**Dataset extract:**
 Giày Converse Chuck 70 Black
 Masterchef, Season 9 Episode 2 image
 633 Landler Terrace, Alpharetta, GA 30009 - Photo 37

**What is being asked:** Repeat every line of the material exactly as given.

**Output of the task:**
 Giày Converse Chuck 70 Black
 Masterchef, Season 9 Episode 2 image
 633 Landler Terrace, Alpharetta, GA 30009 - Photo 37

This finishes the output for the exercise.